Over the next 10 days, Sage challenged herself in many ways, learning to be more present and to appreciate life more. She learned about determination, her strength, and the impermanence of everything in life. That’s not to say that she didn’t have struggles maintaining a clear mind. Like most people, Sage had wandering thoughts.

“I noticed I would start to imagine future experiences. The whole point I thought I came here for was to figure out what to do after the retreat—like, where to move and stuff like that. I wanted to find peace of mind here and to calm down so I could figure out my life. During this time, I would also fantasize, so I said to myself: ‘You’re not being present girl, come back! Why are you doing that? Are you uncomfortable in this moment? Are you always doing this? I started to notice how often I do that. There’s a time and place to imagine your future and plan it out. But, if you’re at a meditation retreat to sit with your thoughts, feel your pain, and eradicate your pain, then why are you not present right now?’”

Her most memorable moment came during day five. During the discourse, she was feeling frustrated with the pain in her body and with people around her breaking Noble Silence. Then she looked across the room and saw a man completely still and unbothered by the noise, completely peaceful. She thought to herself that if he could be so peaceful and calm during the chaos, then so could she.

“Basically, I used him as an excuse to be peaceful, to cultivate the strength in myself to not be irritable anymore.” She had to learn to let go of the thoughts that found her during her silence and did so by imagining herself interacting with the things she had difficulty getting over.
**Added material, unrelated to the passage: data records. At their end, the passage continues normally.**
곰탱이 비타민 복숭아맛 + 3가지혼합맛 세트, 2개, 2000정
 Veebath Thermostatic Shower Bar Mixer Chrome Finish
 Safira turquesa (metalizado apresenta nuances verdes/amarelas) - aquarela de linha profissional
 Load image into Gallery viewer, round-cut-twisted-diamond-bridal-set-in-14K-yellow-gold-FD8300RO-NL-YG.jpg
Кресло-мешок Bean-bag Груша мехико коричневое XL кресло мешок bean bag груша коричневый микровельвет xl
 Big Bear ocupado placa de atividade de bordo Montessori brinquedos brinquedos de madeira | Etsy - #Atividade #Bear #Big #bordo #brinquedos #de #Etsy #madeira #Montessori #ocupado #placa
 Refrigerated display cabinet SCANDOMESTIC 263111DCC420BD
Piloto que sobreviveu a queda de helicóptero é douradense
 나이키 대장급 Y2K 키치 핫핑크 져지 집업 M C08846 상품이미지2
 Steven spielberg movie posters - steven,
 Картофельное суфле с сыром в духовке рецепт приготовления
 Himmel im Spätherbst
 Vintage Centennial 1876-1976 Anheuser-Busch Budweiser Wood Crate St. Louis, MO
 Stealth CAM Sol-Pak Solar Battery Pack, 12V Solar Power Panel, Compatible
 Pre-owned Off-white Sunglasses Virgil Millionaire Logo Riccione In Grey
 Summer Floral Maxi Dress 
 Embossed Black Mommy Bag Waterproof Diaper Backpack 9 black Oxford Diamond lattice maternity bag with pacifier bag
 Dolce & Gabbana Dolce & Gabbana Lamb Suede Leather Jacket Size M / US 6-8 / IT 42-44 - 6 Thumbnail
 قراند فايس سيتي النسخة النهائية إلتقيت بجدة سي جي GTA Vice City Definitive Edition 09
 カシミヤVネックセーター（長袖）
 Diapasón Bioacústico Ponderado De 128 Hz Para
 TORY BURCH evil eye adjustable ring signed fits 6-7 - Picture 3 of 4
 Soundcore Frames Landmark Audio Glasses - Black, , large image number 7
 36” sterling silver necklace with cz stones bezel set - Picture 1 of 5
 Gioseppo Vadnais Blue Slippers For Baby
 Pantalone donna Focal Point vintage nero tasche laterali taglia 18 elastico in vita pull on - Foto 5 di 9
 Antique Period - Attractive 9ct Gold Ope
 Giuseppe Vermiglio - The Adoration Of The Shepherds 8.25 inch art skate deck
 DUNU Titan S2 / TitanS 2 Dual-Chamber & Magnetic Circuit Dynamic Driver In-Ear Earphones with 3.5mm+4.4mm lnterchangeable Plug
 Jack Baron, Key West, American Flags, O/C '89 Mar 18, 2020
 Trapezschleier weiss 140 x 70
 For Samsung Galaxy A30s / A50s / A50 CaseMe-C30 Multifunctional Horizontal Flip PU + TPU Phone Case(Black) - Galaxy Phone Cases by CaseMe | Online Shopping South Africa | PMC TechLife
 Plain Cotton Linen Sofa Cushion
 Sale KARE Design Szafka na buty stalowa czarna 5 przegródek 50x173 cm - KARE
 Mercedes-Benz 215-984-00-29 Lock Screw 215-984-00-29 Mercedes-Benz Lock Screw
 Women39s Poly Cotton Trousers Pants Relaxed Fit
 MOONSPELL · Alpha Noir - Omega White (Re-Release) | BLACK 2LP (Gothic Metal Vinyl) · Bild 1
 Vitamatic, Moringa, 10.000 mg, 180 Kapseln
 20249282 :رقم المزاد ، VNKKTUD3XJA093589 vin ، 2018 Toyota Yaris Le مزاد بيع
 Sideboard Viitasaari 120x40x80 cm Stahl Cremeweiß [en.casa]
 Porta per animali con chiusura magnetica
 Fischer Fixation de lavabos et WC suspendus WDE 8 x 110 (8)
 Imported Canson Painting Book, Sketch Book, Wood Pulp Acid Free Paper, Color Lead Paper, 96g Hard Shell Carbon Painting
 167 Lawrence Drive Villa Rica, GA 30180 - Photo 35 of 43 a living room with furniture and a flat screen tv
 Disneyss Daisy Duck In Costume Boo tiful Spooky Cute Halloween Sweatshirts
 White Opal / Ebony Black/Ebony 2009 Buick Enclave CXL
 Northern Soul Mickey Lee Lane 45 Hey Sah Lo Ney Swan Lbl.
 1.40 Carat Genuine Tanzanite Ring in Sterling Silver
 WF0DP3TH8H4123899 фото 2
This helped give a sense of closure.

From this moment forward, Sage began to experience a sequence of memorable things happening to her—starting with a change in her relationship with food. During meals, the retreat staff would put blinders on the windows and all the chairs were facing the walls, encouraging no eye contact with one another. “This helped to enforce that this time was my own. We would politely stay to ourselves, we would wait in line—serving ourselves. I was taught how to be more present with meals and how food is medicine. My relationship with food was probably the number one thing I took out of Vipassana.”

By day eight, Sage was able to get past physical pain in her hips during meditation by challenging herself to sit through it regardless of how she felt. She visualized the muscles in her body as red and throbbing and sat with the pain until she saw her muscles turn to a neutral grey, like a rock, and all of a sudden they grew heavy and no longer hurt.

When asked if she would recommend attending the Vipassana retreat, Sage said she would recommend going if you’re interested in putting some work into yourself for lifelong growth—and you’re ready for that growth.

Her greatest takeaway from the retreat, besides her relationship with food, is that if you don’t believe in yourself, there is no one else who will. The belief needs to come from you—you’re the one who needs to cultivate the energy in yourself.